Você já deve ter ouvido dezenas de ‘gurus’ da era moderna comentando sobre a necessidade das pessoas de assumirem o controle da própria vida e como as decisões são cruciais para se atingir determinados objetivos.

Escritores como Paulo Vieira, comentam sobre a necessidade da autorresponsabilidade, entretanto, compreender isso é o que difere os que conquistam o sucesso daqueles que apenas o buscam.

Por isso eu lancei o , um movimento mais denso e eficaz para aqueles que participaram do Desafio de 40 Dias, mas também para aqueles que querem uma mudança efetiva para 2023.

Suas escolhas determinam quem você é, será?

Há quem diga que as escolhas são apenas frutos de um reflexo ou impulso controlado pelo nosso instinto natural. Algo como se terceirizassem a responsabilidade dos seus atos.

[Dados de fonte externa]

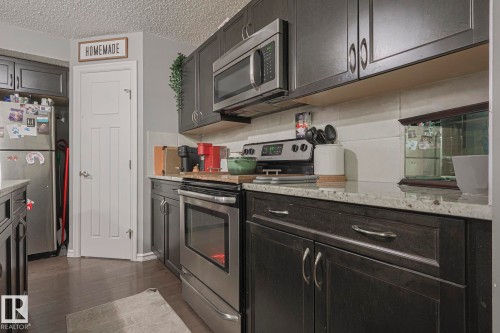 Kitchen featuring stainless steel appliances, a textured ceiling, dark wood-type flooring, and light stone countertops - 21971 91 Avenue Nw, Edmonton, AB - Indoor Photo Showing Kitchen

Por dezenas de anos, acreditava-se na impossibilidade de aprendizado depois de anos de vida, criando um verdadeiro “muro” para novos comportamentos e utilizando isso como desculpa para manter-se numa situação latente frente às possibilidades de mudanças.

Entretanto, nosso cérebro é capaz de reaprender novas programações.

Estudos recentes demonstram que o cérebro, graças a sua plasticidade cerebral, tem a capacidade de aprendizado por toda a nossa vida, inclusive a capacidade adaptativa em casos de acidentes com perda de material encefálico, designando novas áreas para a execução de atividades em áreas comprometidas.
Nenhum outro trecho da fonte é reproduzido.